Lidia Terki: Non ho un legame con la storia in sé, ma credo che ogni film sia legato al suo autore in un modo o nell'altro. Paris La Blanche è una storia di amore, umanità e identità. Sono nata in Algeria da padre algerino, ma vivo in Francia da quando ero piccola. Anche se è vero che gran parte della mia famiglia è algerina, la conosco appena e non parlo la lingua. E' molto strano se ci pensi. Non credo che quando si lascia il proprio paese, la propria cultura, i propri genitori o i propri figli si provino sentimenti positivi, anche se lo fai con la speranza di un futuro migliore.

Rekia è un personaggio molto forte che non ha bisogno di parlare per esprimere le proprie emozioni. E’ stato difficile guidare l’attrice verso una performance così sottile?
Tendo a credere che ci sia un linguaggio oltre la parola, qualcosa di sottile e istintivo, che non ha bisogno di discorsi per esprimersi e che può essere compreso da chiunque, indipendentemente dalla cultura. Il cinema è fatto per questo tipo di linguaggio. Attraverso di esso, è possibile concentrarsi su piccoli momenti che trasmettono un'idea, un'impressione o vari gradi di emozione. Il montaggio è il momento in cui è possibile aggiungere poche immagini extra che contengono questo linguaggio, che ha un impatto su di noi senza che ce ne rendiamo conto.

Per me, più è istintiva la recitazione, più è emotivamente espressiva. Ho notato che, molto spesso, ho semplicemente dovuto abbassare un po’ il ritmo. Una volta che il ritmo è impostato – ed è molto strano perché non riesco a spiegare perché quello sia il ritmo giusto per me – tutto avviene naturalmente con la recitazione.
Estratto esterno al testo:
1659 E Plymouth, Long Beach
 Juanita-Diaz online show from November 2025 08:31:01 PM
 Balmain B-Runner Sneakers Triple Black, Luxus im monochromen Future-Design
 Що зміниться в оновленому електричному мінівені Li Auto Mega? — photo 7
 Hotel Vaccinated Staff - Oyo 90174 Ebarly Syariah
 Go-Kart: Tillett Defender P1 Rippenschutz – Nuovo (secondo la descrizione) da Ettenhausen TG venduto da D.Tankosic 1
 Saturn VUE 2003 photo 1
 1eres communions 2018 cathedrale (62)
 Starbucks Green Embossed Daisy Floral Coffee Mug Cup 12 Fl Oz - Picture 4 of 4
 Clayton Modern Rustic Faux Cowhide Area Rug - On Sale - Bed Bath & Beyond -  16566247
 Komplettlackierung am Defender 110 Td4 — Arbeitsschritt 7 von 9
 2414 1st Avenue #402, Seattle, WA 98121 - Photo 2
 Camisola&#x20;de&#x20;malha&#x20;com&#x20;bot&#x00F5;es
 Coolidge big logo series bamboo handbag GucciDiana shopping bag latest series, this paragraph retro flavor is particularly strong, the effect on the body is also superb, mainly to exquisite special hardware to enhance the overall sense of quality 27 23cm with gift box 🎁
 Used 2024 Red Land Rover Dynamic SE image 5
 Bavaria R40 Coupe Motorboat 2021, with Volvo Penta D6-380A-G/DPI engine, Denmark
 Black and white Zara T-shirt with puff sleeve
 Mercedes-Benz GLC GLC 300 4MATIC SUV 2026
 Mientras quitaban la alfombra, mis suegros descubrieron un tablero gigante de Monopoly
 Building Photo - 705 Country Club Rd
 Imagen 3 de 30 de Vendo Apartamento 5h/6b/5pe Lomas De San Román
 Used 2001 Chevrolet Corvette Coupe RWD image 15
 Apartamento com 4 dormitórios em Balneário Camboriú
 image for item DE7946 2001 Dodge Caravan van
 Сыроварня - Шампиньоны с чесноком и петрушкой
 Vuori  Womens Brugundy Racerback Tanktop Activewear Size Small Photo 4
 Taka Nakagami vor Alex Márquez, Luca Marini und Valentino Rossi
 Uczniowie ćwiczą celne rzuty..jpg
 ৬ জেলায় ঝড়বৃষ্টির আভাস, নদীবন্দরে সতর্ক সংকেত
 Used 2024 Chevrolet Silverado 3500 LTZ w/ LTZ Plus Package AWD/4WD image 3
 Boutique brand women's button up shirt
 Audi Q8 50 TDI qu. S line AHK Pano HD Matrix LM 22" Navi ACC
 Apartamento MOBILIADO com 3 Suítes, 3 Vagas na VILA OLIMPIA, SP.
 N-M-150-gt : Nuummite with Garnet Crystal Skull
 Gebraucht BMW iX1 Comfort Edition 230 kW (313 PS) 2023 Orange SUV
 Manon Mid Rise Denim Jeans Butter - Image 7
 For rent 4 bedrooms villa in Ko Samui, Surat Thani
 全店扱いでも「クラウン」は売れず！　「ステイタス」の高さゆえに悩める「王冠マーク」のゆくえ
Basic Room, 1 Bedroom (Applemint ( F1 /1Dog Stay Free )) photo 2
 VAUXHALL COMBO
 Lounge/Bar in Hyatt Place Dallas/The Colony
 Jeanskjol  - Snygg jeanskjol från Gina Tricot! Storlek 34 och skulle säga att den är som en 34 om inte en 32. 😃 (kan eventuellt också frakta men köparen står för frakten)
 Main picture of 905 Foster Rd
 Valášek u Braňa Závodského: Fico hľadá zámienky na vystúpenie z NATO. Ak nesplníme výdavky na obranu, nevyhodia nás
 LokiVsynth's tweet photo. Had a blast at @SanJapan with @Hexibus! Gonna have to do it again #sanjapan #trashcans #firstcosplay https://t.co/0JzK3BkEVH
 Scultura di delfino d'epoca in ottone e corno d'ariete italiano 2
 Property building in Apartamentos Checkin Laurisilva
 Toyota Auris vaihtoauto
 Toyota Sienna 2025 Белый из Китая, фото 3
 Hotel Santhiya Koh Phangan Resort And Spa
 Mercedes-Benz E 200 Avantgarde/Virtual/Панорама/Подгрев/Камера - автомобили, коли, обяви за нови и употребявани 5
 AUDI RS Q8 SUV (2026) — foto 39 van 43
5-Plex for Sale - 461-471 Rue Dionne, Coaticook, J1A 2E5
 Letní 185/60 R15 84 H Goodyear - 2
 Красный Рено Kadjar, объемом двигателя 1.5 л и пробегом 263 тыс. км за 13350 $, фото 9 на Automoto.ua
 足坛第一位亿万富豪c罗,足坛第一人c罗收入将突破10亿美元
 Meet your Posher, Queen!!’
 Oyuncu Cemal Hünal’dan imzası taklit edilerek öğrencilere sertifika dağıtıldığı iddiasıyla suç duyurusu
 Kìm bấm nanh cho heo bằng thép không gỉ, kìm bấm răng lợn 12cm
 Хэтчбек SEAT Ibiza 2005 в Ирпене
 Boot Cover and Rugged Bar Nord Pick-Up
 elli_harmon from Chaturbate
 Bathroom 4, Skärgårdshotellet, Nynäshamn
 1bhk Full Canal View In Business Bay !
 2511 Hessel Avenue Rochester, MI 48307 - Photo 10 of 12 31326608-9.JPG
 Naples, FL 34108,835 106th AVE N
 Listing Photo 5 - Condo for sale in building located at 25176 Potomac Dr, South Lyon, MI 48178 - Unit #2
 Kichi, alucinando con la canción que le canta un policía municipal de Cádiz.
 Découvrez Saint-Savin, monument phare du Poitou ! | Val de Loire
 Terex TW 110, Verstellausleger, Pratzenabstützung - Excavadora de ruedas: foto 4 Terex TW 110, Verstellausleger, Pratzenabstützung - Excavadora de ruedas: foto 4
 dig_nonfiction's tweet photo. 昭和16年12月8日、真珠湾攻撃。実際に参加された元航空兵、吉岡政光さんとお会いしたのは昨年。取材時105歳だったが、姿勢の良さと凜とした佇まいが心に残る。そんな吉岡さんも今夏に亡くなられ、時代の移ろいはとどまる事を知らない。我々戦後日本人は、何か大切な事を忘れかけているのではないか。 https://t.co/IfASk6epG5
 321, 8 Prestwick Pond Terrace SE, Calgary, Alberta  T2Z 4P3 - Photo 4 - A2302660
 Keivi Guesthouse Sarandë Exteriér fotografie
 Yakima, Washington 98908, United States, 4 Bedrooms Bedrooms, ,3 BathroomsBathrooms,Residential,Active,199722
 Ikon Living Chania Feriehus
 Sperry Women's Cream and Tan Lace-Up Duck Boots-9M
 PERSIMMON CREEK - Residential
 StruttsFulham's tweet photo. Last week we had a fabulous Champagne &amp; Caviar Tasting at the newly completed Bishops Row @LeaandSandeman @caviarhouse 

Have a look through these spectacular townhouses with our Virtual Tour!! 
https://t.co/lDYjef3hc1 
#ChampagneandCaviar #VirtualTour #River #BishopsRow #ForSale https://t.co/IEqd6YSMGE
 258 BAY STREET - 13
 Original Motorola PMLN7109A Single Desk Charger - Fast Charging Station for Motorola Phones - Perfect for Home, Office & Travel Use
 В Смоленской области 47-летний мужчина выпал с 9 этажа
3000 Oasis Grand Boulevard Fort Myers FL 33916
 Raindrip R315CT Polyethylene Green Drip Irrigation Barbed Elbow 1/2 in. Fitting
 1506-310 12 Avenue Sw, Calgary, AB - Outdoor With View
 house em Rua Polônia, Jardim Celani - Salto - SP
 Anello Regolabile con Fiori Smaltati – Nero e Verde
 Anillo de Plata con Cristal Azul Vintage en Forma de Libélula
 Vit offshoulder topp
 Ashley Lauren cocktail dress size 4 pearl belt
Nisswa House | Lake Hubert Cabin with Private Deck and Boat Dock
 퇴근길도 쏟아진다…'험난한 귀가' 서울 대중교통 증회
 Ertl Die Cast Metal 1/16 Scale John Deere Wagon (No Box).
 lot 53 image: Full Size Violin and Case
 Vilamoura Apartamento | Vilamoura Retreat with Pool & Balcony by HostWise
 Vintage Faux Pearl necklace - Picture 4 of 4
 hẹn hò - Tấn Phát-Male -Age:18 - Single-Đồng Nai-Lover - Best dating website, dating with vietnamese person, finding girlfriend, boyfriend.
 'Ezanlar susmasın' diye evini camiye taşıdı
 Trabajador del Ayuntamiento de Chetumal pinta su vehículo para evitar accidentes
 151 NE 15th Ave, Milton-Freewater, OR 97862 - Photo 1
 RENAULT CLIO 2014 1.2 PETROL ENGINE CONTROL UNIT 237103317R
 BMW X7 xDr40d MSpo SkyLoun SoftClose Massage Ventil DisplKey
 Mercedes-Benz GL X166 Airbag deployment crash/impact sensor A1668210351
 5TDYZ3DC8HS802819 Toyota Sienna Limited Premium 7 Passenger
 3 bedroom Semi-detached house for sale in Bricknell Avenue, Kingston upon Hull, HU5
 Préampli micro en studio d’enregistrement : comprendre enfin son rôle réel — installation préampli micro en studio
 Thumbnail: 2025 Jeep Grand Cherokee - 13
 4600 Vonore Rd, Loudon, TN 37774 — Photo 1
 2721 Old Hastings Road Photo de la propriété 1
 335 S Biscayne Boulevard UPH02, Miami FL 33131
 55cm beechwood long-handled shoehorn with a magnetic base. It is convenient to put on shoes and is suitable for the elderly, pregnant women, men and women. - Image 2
Lei ha esperienza di lavoro in diversi settori della produzione cinematografica. Quando ha deciso di diventare una regista? Aveva considerato altri lavori prima di entrare nel cinema?
Quando avevo circa 12 anni, ho cominciato a capire che dietro un film c'era un regista, e ho realizzato che avrei potuto diventarne una. Questa idea non mi ha mai veramente abbandonata, ma non c'erano molte registe donne in giro. Ho fatto molti lavori diversi, ed erano solo modi per avvicinarmi al cinema, per capire cosa fosse un punto di vista e per affinare il mio punto di vista. Non potevo frequentare una scuola di cinema. Ho imparato strada facendo, dal primo momento in cui sono entrata nel cinema. Ho iniziato nel campo della scenografia che, per esempio, mi ha insegnato che cosa fosse un frame. Ho fatto un sacco di lavori in diverse case di produzione che mi hanno aiutato ad avvicinarmi alla cinepresa.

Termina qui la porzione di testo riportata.